82 Kayıt Bulundu.
Bize Muhammed b. Beşşâr, ona Muhammed b. Ca’fer ve Abdurrahman b. Mehdi, bu ikisine Şu’be, ona Hişam b. Zeyd Enes b. Mâlik’in şöyle anlattığını rivayet etti: Biz (bir yolculukta) Merrü’z-zahrân (denilen semt) den geçerken bir tavşanı ürkütüp kaçırdık. Yolcular onun arkasından koştularsa da yorulup aciz kaldılar. Bunun üzerine ben koştum ve nihayet hayvana yetiştim ve yakalayıp Ebu Talha’ya getirdim. Ebu Talha da tavşanı kesti ve butu ile uyluğunun üst tarafını (benimle) Hz. Peygamber’e (sav) gönderdi. Peygamber de bu hediyeyi kabul etti.”
Bize Ebü’l-Velid, ona Şu’be, ona Hişam b. Zeyd b. Enes, Enes b. Mâlik’in şöyle anlattığını rivayet etti: Biz Merru’z-zahran denilen yerde iken bir tavşan ürkütüp kaçırmıştık. Bunun üzerine topluluktakiler (yakalamak için peşinden) koşmuş, ama (yakalayamadan) yorulmuşlardı. Sonra ben onu tutmuş ve Ebu Talha’ya getirmiştim. O da onu boğazlamış ve iki uyluğunun üst taraflarını -veya “iki budunu” (Şu’be, hocasının hangisini söylediğinde şüphe etmiştir)- Rasulullah’a (sav) göndermiş, (Rasul-i Ekrem de) onları kabul buyurmuştu.

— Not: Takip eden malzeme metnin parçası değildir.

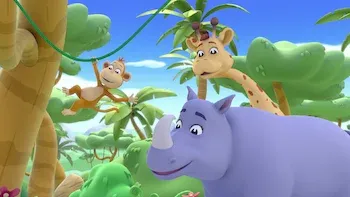 As Aventuras de Horton-A aventura do Escoteiro da Selva! + O poder da flor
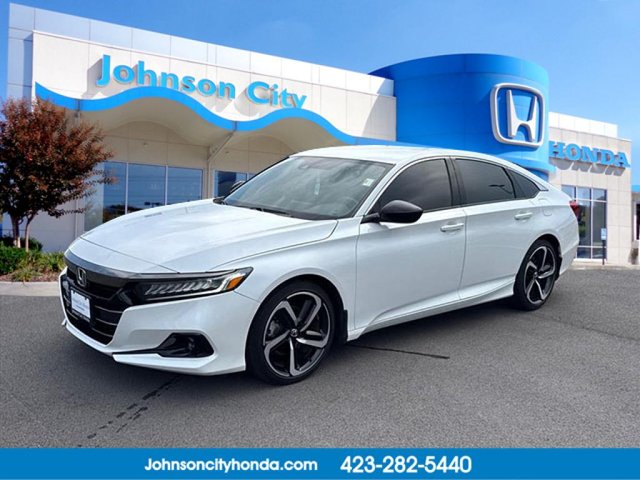 Pre-Owned 2022 Honda Accord Sport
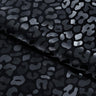 Slick Vinyl Leopard Print Stretch Fabric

Bize Ebû Bekr Muhammed b. el-Hasen b. Fûrek, ona Abdullah b. Ca‘fer, ona Yûnus b. Habîb, ona Ebû Dâvûd, ona Hişâm, ona Yahyâ b. Ebû Kesîr, ona da Abdullah b. Ebû Katâde, babasından rivayet etti. (Abdullah şöyle dedi:) Babam, Hudeybiye anlaşmasının olduğu sene Rasûlullah (s.a.v.) ile birlikte yola çıkmıştı. (Sonrasını babam şöyle anlattı:) Arkadaşlarım ihrama girmiş, ben ise girmemiştim. Rasûlullah (s.a.v.) yola çıktı, ben de arkadaşlarımla beraberdim. Aralarında gülüşmeye başladılar. Birden bir yaban eşeği gözüme ilişti! Ona doğru atılıp yaraladım. Köşeye kıstırıp kaçamaz hale getirdim. (Yakalamak için) arkadaşlarımdan yardım istedim, ama onlar bana yardım etmekten kaçındılar. (Avlayıp pişirdikten) sonra onu yedik. Ve (düşmanın) önümüzü keseceğinden korktuk. Bu sebeple atımı şahlandırarak yola koyuldum. Peygamber’i (s.a.v.) arıyordum. Gece yarısı Gıfâr kabilesinden bir adamla karşılaştım. Ona: – Sen Peygamber’in (s.a.v.) yanından ayrıldığında o nerede idi? diye sordum. O:, – Sukya’da idi, diye cevap verdi. Bunun üzerine ona yetişip; "– Ey Allah’ın Rasûlu, ashabın sana selam ediyor ve Allah’ın rahmeti senin üzerine olsun diliyorlar. Aranızdaki yolun düşman tarafından kesilerek sizinle irtibatlarının kopacağından kaygı duymaktalar. Dolayısıyla ey Allah'ın elçisi onları bekleyiniz." dedim. Ayrıca şunları dile getirdim: – Ben yaban eşeği avladım. Yanımda ondan artan bir miktar (et) var. Bunun üzerine Peygamber (s.a.v.) oradaki topluluğa ihramlı oldukları halde: – “Yiyin” buyurdu. Buhârî bu hadisi Sahîh’inde Muâz b. Fadâle’den, o da Hişâm’dan rivayet etmiştir. Müslim ise başka bir isnadla Hişâm’dan zikretmiştir.